▶ **The task**: Omitting all images, transcribe the listing word for word.

▶ **Recorded data**:
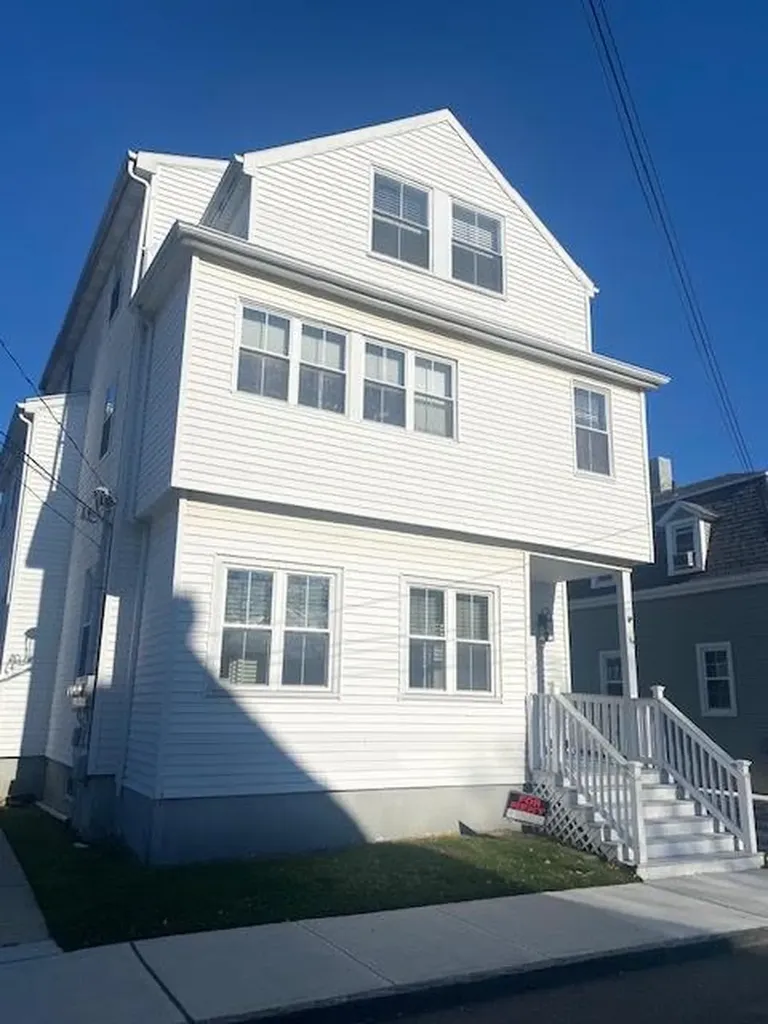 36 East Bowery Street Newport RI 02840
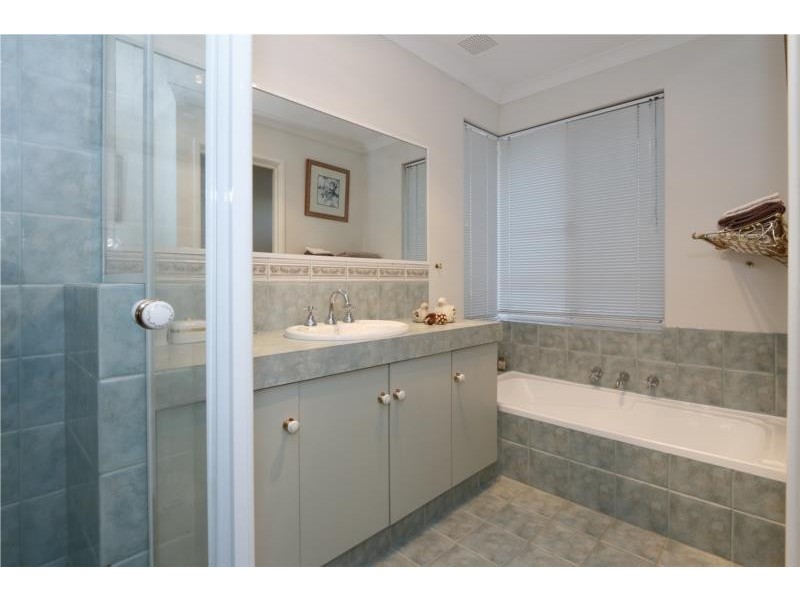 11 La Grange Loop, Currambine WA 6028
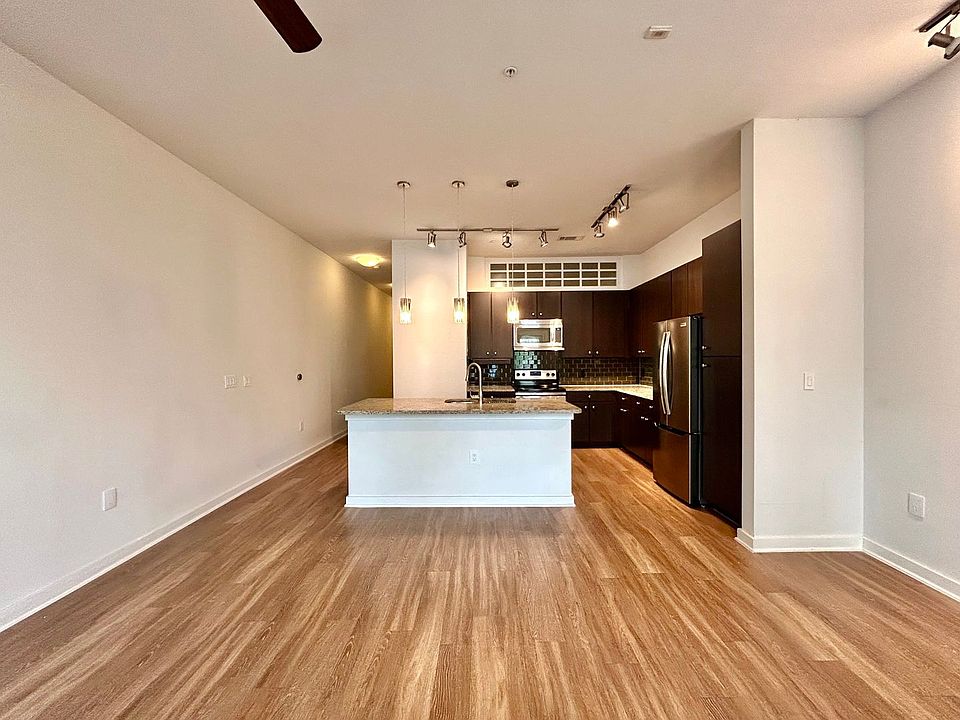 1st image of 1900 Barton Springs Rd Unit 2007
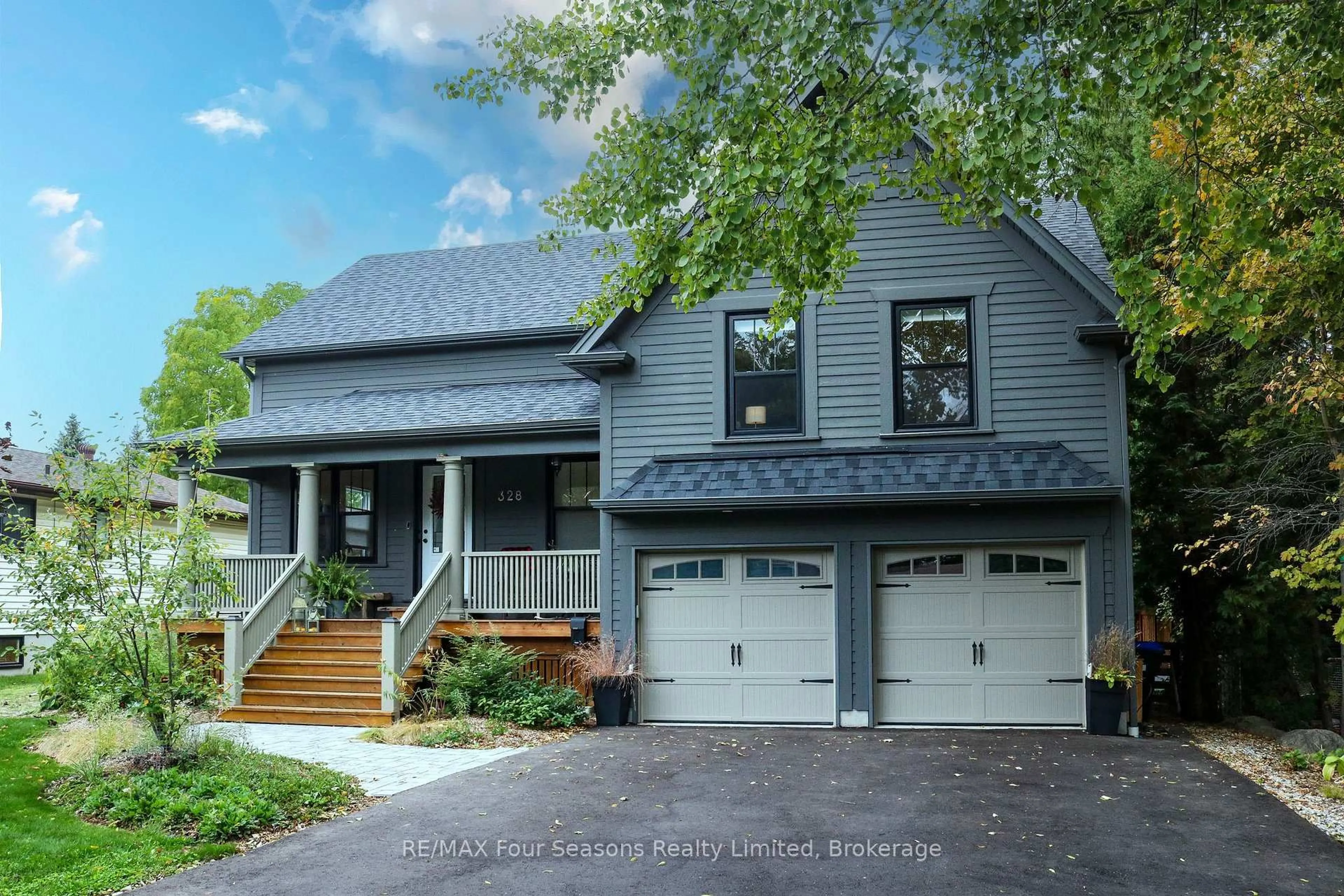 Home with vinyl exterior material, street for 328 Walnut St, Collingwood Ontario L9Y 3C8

▶ **Your solution**:
 36 East Bowery Street Newport RI 02840
 11 La Grange Loop, Currambine WA 6028
 1st image of 1900 Barton Springs Rd Unit 2007
 Home with vinyl exterior material, street for 328 Walnut St, Collingwood Ontario L9Y 3C8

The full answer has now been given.